# [TASK OBJECTIVE]
In the listing that follows, print every line exactly and leave the images out.
----------
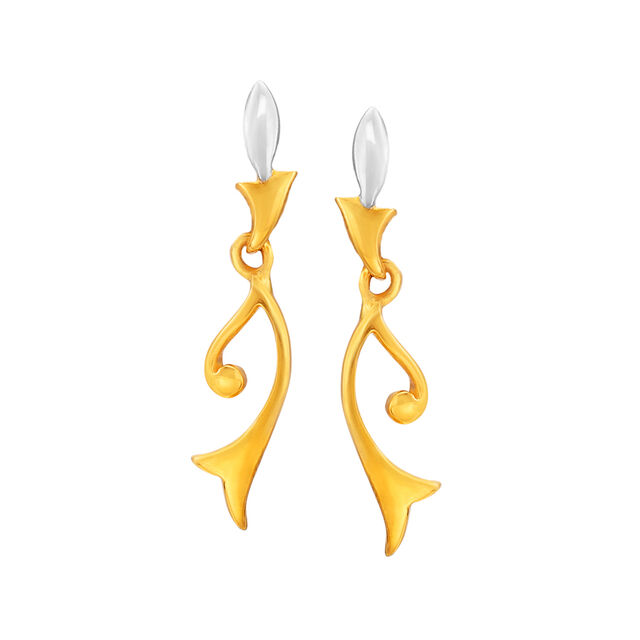 Striking 22 Karat Yellow Gold Ovoid Drops 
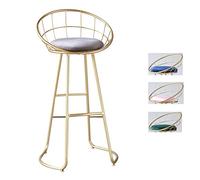 Bar Stool Metal Height Footrest Creative Bar Stools Upholstered Footrest Wrought Iron Gold Casual High Chair Breakfast Counter Kitchen Cafe Home Barstools Comfortable Flannel Cushion, 4 Colors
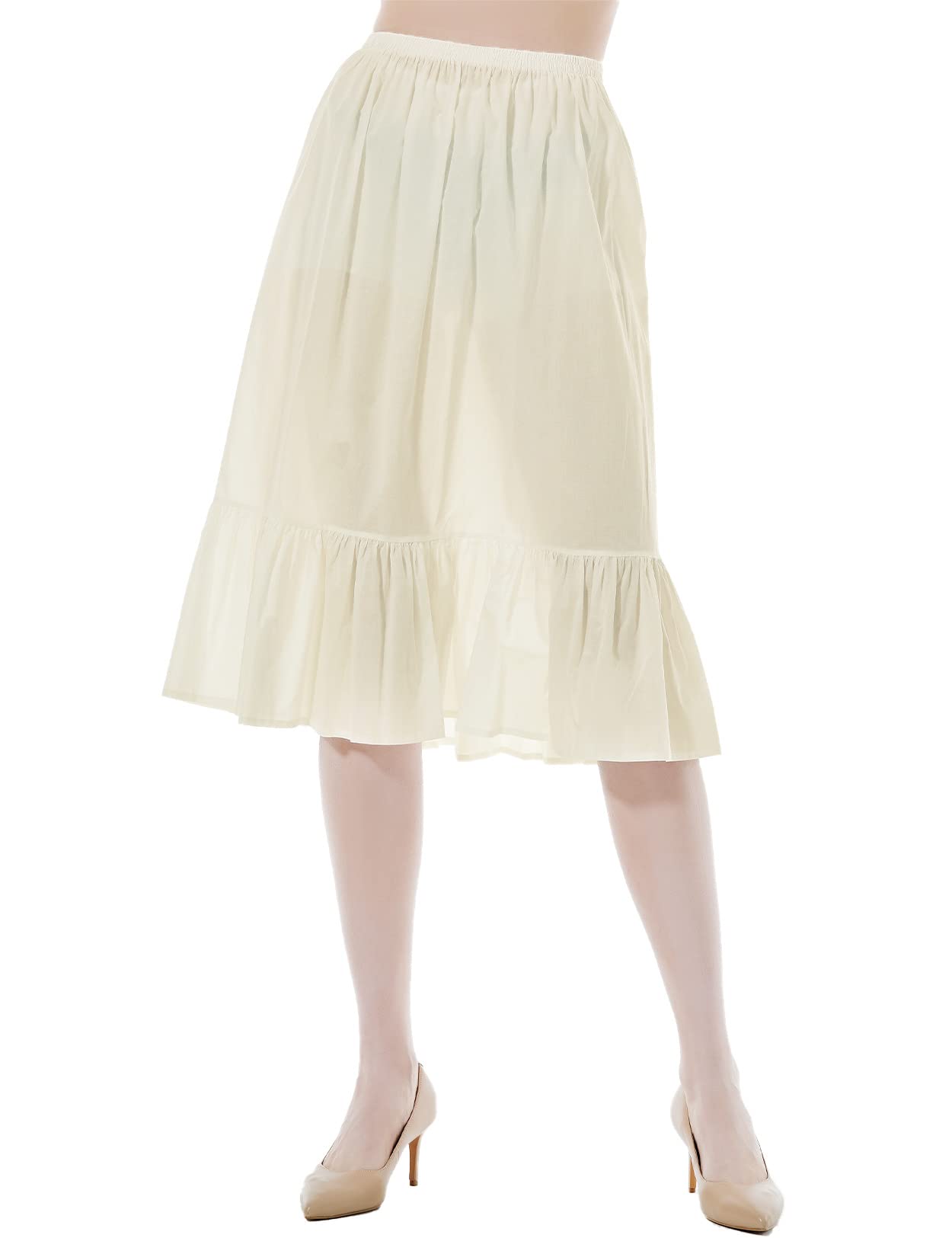 BEAUTELICATE Unterrock Damen 100% Baumwolle Lang Antistatisch Petticoat Halbrock Unterkleid für Kleid mit Rüschen Schwarz Elfenbein Weiß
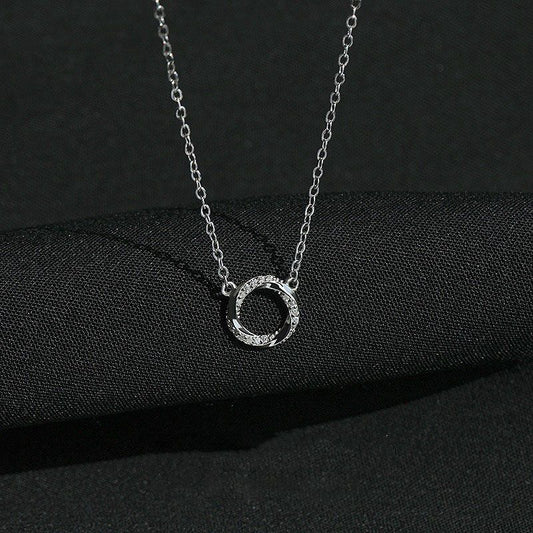 Sterling Silver Elegant Round Inlay Rhinestones Pendant Necklace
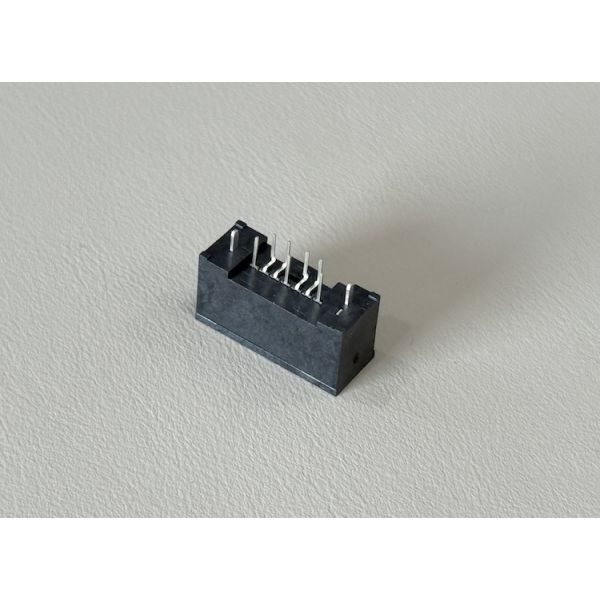 1.27mm PCB male header connector, 7 pin right-angle gold-plated double row electrical signal connector for SATA interface server storage automotive electronics power and data transmission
----------
# [TASK OUTPUT]
 Striking 22 Karat Yellow Gold Ovoid Drops 
 Bar Stool Metal Height Footrest Creative Bar Stools Upholstered Footrest Wrought Iron Gold Casual High Chair Breakfast Counter Kitchen Cafe Home Barstools Comfortable Flannel Cushion, 4 Colors
 BEAUTELICATE Unterrock Damen 100% Baumwolle Lang Antistatisch Petticoat Halbrock Unterkleid für Kleid mit Rüschen Schwarz Elfenbein Weiß
 Sterling Silver Elegant Round Inlay Rhinestones Pendant Necklace
 1.27mm PCB male header connector, 7 pin right-angle gold-plated double row electrical signal connector for SATA interface server storage automotive electronics power and data transmission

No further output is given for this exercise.